Is it getting hot in here?
“I mean, the night I met him, Colton wrapped his arms around me so tightly I thought I would burst, and he hasn’t really let go since. How is that healthy?”

“After living with his mother, knowing deep down she didn’t have good intentions toward him, I’m not surprised he latched on to someone he felt would protect him, whether that feeling was misguided at the time or not. Having his dad vouch for you, when Thomas had never introduced him to another woman, also went a long way toward him feeling safe with you.”

“What can I do to help him?”

“Just keep doing what you’re doing. I don’t know the details of your relationship with Thomas, and I don’t need to know, but if the two of you stop seeing each other, I hope you won’t cut off contact with Colton abruptly.”

“That isn’t up to me.”

“I shared this advice with Thomas at the end of our last session while Colton worked on his homework in the waiting room. He told me my recommendation was moot.” The doctor gave me a small, but seemingly genuine smile.

“But the last time—”

“Thomas was overwhelmed at the hospital and felt like he’d failed his son. He lashed out at you since he couldn’t lash out at himself, and he still feels guilty about it.”

I had no idea what to say, so I didn’t say anything.

“Colton was asking for you. Would you like to come back for the rest of our session? If not, you can work in here where you’ll be more comfortable.”

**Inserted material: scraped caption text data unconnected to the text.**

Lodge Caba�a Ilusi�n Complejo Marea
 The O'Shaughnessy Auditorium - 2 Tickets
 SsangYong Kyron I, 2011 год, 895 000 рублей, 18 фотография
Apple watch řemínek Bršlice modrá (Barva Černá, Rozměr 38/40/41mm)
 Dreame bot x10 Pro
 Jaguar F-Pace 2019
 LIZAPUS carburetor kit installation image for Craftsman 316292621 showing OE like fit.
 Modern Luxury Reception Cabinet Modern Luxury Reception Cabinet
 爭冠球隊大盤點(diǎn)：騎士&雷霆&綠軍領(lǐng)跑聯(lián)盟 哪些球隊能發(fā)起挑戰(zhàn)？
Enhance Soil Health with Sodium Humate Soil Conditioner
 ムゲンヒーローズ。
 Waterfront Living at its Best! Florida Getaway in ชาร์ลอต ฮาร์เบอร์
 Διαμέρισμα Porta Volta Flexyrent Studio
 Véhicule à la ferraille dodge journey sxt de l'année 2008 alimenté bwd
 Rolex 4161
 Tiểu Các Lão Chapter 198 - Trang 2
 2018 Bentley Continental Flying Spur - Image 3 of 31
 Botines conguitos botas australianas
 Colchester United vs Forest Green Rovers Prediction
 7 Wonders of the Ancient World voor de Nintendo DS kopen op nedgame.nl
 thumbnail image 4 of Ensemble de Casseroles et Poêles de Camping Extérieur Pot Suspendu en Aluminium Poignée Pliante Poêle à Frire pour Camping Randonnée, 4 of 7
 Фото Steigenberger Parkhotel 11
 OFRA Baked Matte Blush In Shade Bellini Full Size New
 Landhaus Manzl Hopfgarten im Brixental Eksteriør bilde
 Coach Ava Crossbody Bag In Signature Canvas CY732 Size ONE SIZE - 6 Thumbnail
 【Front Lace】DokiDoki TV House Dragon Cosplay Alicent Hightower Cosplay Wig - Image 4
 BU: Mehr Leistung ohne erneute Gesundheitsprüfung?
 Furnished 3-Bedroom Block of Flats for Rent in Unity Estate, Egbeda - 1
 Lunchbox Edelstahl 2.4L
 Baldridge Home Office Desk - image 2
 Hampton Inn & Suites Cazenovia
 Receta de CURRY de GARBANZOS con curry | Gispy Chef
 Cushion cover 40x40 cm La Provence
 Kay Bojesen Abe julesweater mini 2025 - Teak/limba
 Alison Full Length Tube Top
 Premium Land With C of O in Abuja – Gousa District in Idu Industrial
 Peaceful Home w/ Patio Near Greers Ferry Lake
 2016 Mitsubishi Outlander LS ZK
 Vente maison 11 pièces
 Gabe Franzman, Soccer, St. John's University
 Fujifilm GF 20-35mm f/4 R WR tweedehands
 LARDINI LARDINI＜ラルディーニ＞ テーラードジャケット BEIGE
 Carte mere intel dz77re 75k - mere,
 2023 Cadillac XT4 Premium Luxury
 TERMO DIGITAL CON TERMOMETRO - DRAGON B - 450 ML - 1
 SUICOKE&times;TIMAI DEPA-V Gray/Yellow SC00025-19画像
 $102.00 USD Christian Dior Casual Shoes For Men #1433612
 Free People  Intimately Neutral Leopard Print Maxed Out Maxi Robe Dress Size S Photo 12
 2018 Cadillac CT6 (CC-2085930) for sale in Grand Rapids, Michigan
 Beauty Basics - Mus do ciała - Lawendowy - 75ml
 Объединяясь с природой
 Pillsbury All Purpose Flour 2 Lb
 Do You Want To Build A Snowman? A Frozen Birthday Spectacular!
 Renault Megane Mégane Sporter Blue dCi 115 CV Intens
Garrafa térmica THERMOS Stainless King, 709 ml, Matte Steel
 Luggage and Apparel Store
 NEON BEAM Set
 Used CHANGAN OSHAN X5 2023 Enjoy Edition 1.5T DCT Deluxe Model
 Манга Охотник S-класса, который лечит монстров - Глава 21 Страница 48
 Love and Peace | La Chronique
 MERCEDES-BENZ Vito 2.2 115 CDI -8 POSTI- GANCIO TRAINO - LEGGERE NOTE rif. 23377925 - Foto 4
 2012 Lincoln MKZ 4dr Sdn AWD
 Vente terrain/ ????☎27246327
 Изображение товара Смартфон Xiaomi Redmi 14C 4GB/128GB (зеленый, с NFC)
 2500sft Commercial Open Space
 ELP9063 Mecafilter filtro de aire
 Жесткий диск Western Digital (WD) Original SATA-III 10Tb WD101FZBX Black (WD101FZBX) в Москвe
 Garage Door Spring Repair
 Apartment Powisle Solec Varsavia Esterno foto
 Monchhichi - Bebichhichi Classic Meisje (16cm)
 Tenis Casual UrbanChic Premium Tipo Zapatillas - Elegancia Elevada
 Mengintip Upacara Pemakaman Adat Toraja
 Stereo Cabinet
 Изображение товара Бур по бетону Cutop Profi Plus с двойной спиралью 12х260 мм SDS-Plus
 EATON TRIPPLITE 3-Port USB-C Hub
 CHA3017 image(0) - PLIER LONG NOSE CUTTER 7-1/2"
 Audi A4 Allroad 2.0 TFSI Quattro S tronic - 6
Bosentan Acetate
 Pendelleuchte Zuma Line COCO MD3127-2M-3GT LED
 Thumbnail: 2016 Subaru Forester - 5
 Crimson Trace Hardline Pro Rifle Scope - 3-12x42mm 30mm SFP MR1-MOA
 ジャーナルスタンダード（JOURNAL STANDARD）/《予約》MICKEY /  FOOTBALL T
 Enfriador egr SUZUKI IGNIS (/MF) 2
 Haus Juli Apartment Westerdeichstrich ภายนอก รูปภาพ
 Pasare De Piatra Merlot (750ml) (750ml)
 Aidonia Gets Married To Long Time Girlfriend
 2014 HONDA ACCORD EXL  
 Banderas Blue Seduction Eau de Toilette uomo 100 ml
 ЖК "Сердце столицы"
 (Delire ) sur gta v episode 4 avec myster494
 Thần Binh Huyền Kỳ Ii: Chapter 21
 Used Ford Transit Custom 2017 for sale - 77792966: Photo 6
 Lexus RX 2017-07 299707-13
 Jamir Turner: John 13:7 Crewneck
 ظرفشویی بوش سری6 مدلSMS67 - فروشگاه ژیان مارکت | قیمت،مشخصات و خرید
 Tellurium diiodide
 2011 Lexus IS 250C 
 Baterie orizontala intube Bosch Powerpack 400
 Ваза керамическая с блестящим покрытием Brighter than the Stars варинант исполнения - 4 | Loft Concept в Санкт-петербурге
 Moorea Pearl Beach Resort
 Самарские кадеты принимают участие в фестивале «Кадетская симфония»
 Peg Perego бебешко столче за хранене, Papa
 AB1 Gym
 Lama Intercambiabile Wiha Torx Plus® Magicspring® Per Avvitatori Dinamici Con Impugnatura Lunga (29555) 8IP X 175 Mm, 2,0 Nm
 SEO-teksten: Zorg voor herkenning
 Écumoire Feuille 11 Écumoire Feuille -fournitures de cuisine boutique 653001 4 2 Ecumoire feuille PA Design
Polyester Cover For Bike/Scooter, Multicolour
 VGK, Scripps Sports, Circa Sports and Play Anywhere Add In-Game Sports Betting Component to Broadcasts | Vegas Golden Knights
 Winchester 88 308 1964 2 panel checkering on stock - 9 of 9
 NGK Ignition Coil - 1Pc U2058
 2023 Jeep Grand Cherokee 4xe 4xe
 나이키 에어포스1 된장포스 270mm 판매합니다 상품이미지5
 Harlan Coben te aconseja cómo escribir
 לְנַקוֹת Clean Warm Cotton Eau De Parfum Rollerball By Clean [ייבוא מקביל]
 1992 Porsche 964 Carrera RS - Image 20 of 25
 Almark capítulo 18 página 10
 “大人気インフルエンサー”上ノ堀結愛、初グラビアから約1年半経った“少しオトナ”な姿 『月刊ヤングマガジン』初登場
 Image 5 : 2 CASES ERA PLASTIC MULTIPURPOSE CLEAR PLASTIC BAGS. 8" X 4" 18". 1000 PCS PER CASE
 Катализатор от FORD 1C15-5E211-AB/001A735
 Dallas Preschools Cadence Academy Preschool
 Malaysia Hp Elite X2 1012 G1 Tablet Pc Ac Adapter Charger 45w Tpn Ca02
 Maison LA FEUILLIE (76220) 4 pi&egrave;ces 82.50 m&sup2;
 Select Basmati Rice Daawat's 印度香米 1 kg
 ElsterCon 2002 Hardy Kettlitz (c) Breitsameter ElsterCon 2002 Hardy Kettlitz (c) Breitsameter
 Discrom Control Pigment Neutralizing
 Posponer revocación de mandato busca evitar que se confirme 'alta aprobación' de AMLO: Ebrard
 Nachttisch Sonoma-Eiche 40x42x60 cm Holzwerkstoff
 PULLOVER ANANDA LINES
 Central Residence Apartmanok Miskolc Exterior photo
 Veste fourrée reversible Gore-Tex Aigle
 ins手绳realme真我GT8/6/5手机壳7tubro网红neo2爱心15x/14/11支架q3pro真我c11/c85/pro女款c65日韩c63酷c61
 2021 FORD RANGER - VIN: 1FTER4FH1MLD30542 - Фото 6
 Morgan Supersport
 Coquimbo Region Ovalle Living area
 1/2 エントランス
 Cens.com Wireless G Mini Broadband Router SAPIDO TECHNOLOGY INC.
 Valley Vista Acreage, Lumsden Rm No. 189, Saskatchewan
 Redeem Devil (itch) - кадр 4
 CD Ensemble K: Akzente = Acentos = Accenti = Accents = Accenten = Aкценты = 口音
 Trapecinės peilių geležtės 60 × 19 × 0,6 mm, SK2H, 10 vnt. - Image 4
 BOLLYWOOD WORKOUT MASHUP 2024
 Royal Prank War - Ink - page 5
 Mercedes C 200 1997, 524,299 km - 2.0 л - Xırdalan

Once again fighting against my deeply ingrained instincts, I stood and followed her to the office at the other end of the hallway.

CHAPTER TWENTY-EIGHT

Thomas

“I want your ass.” Being unable to touch Juli everywhere at the same time drove me fucking crazy, which made me desperately want to at least know what she felt like everywhere.

Having broken her concentration, she looked up from her task, and with complete sincerity, said, “I really don’t think you do.”

“Trust me, I do.”

“You’ve heard the saying an eye for an eye?” I nodded. “I have a strict ass for an ass policy.” Without another word, she resumed rolling the condom down my cock.